When I moved to Scotland in early 2007 I rented a shepherd’s cottage in the remote and beautiful Camps Valley east of Crawford. With no distractions other than sheep, I wrote a third book. Its story starts in 1914 and is about a girl from a farming background and the influence on her life of two men who come to the valley, the first a Yorkshire shepherd and the second a German prisoner of war, one of a group of prisoners detailed to help build a reservoir within the valley.

Once again I pictured them living in my cottage. My view from the window was theirs, The land they worked was the same as that on which I walked every day before sitting down to write.  I need at least part of my writing to be based on personal experience. The story, A Last Goodbye, published on 1st May 2018.

Our village museum is an Aladdin’s cave of farming stories and material. Helping there one weekend I picked up a school diary and began to read about the life of a school for shepherds’ and farmers’ children, out on the moors. The school ran from the 1870s until 1953. It made fascinating reading. The result was my first non-fiction book, Stormy Weather. Following this a colleague and I collaborated to bring out a book of photography and poetry, Living on the Land. Both these books are self-published and all proceeds go to the museum. They have been fun to do and rewarding in terms of interest and support.

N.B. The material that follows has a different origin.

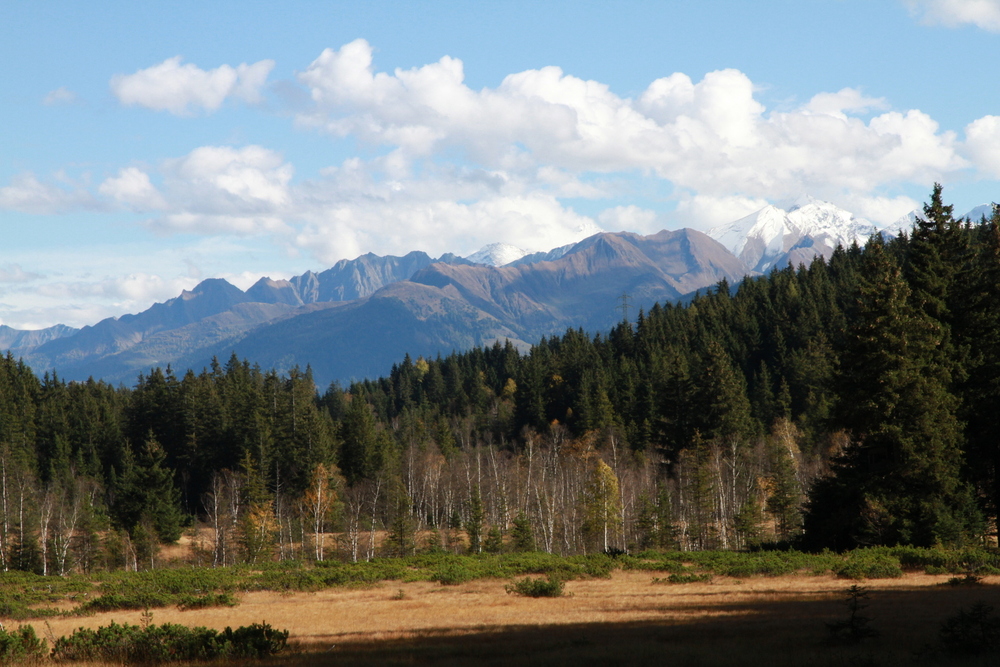 Der Braunbär bewohnt großräumige Waldgebiete und Gebirgswälder. (© H. Leitner)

In the book I am working on now, time has moved on to 1939. Is the farming community immune from the effects of the impending war? Will it be the seasons that continue to influence the day to day living on the land or will lives be changed forever as the war edges closer? The stunning view from my window as I write is the one seen by some of the characters in my story. The newly born lambs in the field opposite have had the same battle with the elements as did the livestock and their owners in that difficult time when war threatened the peace and the lives of those who lived on the land.


Born and brought up in the south of England, the eldest girl of nine children, Dee Yates moved north to Yorkshire to study medicine. She remained there, working in well woman medicine and general practice and bringing up her three daughters. She retired slightly early at the end of 2003, in order to start writing. In 2007 she moved further north, to the beautiful Southern Uplands of Scotland. She writes historical fiction, poetry and more recently non-fiction. Occasionally she gets to compare notes with her youngest sister Sarah Flint who writes crime with blood-curdling descriptions which make Dee want to hide behind the settee.